Brief descriptive captions:
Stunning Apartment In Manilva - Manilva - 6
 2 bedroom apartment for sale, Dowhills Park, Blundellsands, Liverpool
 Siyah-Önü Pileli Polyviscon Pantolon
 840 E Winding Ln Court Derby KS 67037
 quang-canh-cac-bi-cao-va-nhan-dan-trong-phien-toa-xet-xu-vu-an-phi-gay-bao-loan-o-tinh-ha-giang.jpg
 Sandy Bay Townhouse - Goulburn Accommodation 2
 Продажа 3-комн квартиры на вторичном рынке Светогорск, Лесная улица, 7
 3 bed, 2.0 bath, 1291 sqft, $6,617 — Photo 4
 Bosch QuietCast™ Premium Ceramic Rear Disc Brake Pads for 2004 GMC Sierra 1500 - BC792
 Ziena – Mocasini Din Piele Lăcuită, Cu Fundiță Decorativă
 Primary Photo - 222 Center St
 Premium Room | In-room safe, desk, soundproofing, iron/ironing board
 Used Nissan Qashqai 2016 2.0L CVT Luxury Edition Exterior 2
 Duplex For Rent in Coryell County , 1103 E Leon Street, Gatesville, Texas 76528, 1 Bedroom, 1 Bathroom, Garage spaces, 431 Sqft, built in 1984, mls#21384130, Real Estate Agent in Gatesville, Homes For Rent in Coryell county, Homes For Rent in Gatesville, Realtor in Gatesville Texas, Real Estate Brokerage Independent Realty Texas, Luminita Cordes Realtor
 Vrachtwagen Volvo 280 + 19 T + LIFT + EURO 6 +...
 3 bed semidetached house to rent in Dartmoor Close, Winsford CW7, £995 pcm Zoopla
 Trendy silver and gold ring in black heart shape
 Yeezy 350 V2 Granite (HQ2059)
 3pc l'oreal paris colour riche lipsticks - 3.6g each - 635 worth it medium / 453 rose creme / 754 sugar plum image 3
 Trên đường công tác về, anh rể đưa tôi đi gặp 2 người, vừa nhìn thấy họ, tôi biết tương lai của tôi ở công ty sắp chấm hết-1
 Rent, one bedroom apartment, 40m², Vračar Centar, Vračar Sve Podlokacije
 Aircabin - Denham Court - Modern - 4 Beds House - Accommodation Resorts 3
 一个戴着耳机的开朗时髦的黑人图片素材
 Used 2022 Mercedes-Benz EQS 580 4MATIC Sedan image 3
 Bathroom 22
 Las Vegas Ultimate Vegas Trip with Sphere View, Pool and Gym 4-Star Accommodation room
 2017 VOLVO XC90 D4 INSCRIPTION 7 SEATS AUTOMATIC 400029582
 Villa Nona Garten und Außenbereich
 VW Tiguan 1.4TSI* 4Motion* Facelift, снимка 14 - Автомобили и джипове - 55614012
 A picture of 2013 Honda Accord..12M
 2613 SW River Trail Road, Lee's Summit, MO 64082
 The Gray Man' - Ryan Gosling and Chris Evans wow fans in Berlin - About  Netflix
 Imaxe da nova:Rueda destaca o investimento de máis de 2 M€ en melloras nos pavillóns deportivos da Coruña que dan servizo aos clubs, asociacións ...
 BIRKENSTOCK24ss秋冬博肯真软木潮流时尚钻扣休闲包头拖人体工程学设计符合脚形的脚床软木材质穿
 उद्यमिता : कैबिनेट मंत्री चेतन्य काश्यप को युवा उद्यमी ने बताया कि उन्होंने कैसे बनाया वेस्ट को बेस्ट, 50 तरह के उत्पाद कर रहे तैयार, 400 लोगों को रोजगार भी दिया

Work task: Retype exactly, and only, the lines above from the one where "Aircabin - Denham" occurs up to and including the one where "Villa Nona Garten und Außenbereich" occurs.

Output of the exercise:
 Aircabin - Denham Court - Modern - 4 Beds House - Accommodation Resorts 3
 一个戴着耳机的开朗时髦的黑人图片素材
 Used 2022 Mercedes-Benz EQS 580 4MATIC Sedan image 3
 Bathroom 22
 Las Vegas Ultimate Vegas Trip with Sphere View, Pool and Gym 4-Star Accommodation room
 2017 VOLVO XC90 D4 INSCRIPTION 7 SEATS AUTOMATIC 400029582
 Villa Nona Garten und Außenbereich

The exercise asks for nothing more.